Gracias a ello, Bolivia vive hoy la etapa cruel en que su democracia, llevada a una extrema instrumentalización oportunista, se devora a sí misma.
Pero, ¿cómo se ha llegado a esta dramática situación de retroceso democrático que aún no parece ser suficientemente comprendida por la ciudadanía, futura víctima colectiva de este desastre?
Los hechos muestran que se trató de una fabricación progresiva. Todo empezó con el masivo y esperanzado apoyo que dieron los votantes en diciembre de 2005 a una opción que, sin proyecto ni líder alguno, concentró en las urnas el repudio colectivo a la previa oligarquización corrupta del poder. A casi 14 años de aquello y tras muchas maniobras en el camino, esa posibilidad de cambio quedó convertida en una vulgar variante, aunque superlativa y “mejorada”, de lo que el pueblo había rechazado.

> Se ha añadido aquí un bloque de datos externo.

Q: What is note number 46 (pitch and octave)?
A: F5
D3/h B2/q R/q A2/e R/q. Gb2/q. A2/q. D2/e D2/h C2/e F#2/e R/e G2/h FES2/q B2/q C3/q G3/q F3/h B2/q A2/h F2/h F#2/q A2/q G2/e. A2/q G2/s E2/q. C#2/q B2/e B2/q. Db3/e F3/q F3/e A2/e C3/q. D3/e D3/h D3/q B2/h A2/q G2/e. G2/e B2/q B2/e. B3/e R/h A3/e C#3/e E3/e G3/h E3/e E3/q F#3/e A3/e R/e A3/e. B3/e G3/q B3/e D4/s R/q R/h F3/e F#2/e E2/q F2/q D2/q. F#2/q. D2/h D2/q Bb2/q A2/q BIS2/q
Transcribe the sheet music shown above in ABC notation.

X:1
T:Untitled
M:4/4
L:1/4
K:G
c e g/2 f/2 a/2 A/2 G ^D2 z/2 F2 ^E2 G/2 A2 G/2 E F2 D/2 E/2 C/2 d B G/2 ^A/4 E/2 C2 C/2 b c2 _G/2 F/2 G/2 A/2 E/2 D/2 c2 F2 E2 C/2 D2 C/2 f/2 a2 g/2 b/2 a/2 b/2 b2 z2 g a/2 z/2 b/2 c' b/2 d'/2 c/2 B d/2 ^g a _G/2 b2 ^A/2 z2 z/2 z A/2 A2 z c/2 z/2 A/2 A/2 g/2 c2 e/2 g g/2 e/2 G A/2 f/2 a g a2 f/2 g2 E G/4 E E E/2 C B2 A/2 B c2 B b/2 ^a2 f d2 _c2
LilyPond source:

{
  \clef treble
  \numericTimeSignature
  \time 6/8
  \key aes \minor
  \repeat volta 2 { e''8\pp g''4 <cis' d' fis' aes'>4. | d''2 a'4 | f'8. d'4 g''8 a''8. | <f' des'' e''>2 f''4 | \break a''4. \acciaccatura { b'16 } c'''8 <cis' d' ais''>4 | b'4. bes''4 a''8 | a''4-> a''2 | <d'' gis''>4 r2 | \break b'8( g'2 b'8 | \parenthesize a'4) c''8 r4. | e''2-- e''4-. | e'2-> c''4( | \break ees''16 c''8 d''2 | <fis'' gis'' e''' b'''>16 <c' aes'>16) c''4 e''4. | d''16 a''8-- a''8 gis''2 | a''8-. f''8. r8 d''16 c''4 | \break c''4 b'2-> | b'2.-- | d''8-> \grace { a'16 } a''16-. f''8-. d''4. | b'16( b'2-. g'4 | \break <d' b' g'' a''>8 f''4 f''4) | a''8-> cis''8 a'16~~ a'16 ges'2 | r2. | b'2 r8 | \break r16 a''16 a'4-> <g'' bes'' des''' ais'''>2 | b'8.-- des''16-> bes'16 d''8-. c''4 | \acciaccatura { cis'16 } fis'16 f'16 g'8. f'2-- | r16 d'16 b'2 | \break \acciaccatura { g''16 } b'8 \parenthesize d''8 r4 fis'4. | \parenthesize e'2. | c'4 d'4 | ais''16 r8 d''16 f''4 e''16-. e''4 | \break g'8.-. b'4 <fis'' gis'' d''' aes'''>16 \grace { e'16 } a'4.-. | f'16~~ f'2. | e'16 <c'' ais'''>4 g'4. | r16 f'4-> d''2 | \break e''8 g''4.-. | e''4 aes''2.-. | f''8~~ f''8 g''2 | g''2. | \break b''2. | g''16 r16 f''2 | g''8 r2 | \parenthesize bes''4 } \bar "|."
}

La vieja teoría griega de la anaciclosis, que describe el ciclo de degeneración de los regímenes políticos, está en vías de ser confirmada en Bolivia porque la democracia, ya en su forma negativa de oclocracia (gobierno viciado), está siendo conducida al despeñadero del autoritarismo, esto es, de la concentración arbitraria del poder y su mantención a toda costa con la supresión de cualquier oposición. Y todo eso en nombre de la propia democracia.

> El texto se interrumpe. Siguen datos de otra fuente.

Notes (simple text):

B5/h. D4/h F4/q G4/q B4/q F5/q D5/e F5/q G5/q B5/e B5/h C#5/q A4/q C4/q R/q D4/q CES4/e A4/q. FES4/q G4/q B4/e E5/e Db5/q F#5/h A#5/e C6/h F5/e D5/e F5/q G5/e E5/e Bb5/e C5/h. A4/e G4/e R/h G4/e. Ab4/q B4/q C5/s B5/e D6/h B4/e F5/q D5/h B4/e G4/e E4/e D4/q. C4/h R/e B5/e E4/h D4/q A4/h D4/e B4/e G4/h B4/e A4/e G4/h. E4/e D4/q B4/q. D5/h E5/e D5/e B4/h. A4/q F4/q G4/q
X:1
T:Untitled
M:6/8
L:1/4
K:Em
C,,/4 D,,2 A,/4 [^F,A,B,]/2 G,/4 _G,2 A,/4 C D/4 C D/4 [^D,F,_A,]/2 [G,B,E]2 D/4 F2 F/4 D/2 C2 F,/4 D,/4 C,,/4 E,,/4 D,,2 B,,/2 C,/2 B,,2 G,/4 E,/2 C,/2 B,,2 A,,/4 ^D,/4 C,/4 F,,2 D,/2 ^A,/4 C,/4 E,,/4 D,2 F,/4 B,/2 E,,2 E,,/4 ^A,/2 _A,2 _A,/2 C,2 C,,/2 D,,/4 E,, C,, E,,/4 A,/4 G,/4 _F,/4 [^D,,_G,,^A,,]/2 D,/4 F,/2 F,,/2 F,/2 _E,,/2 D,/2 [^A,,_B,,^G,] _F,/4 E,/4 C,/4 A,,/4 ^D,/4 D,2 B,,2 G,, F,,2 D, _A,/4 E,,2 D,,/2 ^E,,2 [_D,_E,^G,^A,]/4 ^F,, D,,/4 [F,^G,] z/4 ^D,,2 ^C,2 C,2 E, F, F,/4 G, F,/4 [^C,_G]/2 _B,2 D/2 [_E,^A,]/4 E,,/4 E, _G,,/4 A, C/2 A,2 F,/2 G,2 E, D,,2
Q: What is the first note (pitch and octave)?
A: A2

Esa dictadura que actualmente se encuentra en fase intensiva de formación es distinta a las que sufrió Bolivia entre 1964 y 1982 cuando menos en estos aspectos:
- No es militar, pero tiene supeditados a los mandos militares.

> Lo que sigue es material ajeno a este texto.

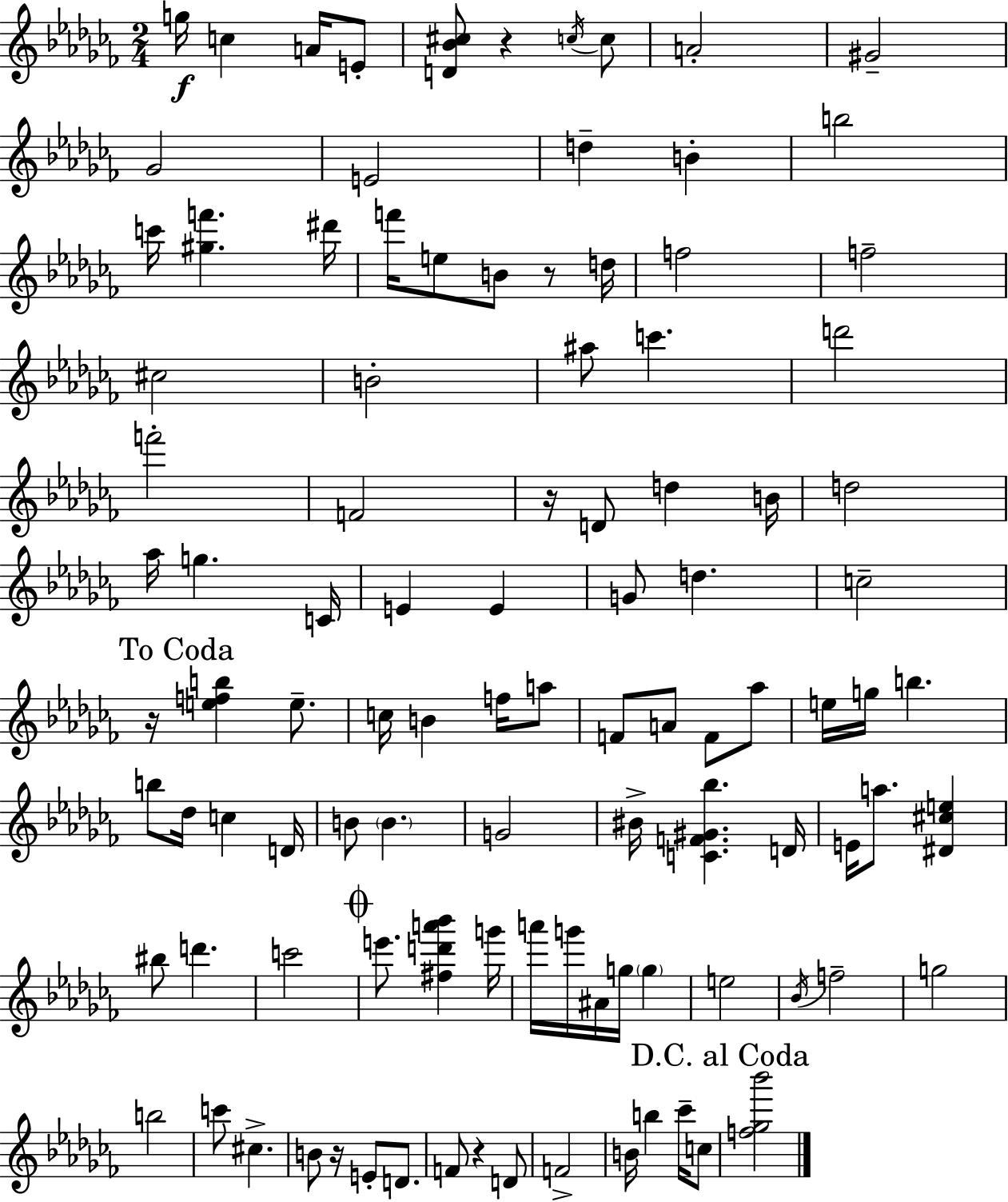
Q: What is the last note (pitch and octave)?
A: C5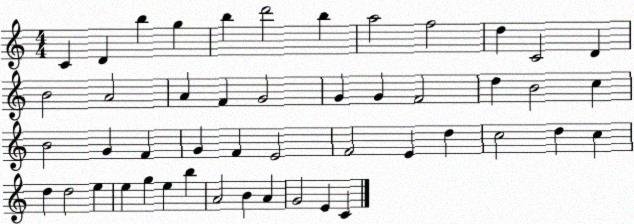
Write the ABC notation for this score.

X:1
T:Untitled
M:4/4
L:1/4
K:C
C D b g b d'2 b a2 f2 d C2 D B2 A2 A F G2 G G F2 d B2 c B2 G F G F E2 F2 E d c2 d c d d2 e e g e b A2 B A G2 E C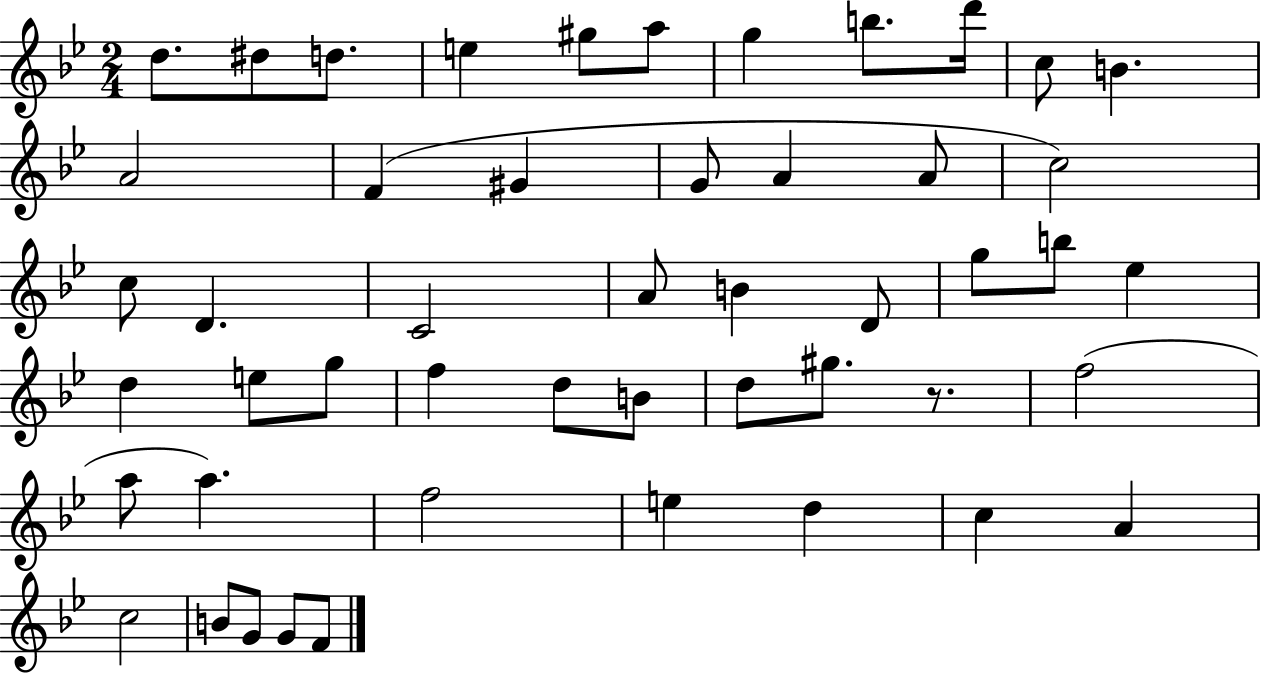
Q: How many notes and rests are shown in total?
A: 49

- No se presenta como una interrupción externa y abrupta de la democracia, sino como su disolución paulatina, desde dentro.
- No se funda (aún) en la violencia directa; más bien hace uso de la manipulación legal, el doble discurso, la conminatoria, la persecución jurídica y la represión policíaca.
- No desactiva las organizaciones sociales, sino que las mantiene cooptadas o divididas y amenazadas.
- No aparece como “anticomunista”, sino que asume una faz “socialista”, “antiimperialista” y hasta “indígena”.
En todo caso, lo que sí tiene en común con esas funestas experiencias del pasado, aparte de conculcar la democracia y desconocer la Constitución Política del Estado y la soberanía popular, es que se autoconsidera una “revolución”, representa solamente intereses de grupo, carece de legitimidad y niega de manera radical que se trate de una dictadura.
La sumatoria de acciones gubernamentales destinadas a consolidar este esquema autoritario desembocó en la anulación práctica de los resultados del referendo que se opuso a la requete-re-elección de Morales y en la consiguiente modificación de facto del texto constitucional, hechos que a su vez confirmaron el sometimiento de todos los órganos de poder a la voluntad de los que controlan el Ejecutivo.
Bajo tales condiciones es ingenuo creer que las ilegítimas e ilegales elecciones generales previstas para octubre próximo vayan a producir unos resultados y un gobierno legítimos y legales. No se debe olvidar que el solo voto no hace la democracia y ha de tenerse en cuenta que el maquiavélico diseño oficialista no contempla ninguna posibilidad de derrota, aunque las ánforas fueran a decir lo contrario.
Por si fuera poco, de manera premeditada, tramposa y alevosa, el despotismo en proceso está empeñado en mostrarse como “fase superior de la democracia”.
Sin embargo, esta ruta involutiva marca ya, desde el 21 de febrero de 2016, día en que Morales se entregó definitivamente a la embriaguez del poder con sus amigos de conveniencia, el comienzo de una inevitable transición. Es tiempo ahora de imaginar el “después” de la dictadura.
Erick R. Torrico Villanueva es especialista en Comunicación y análisis político.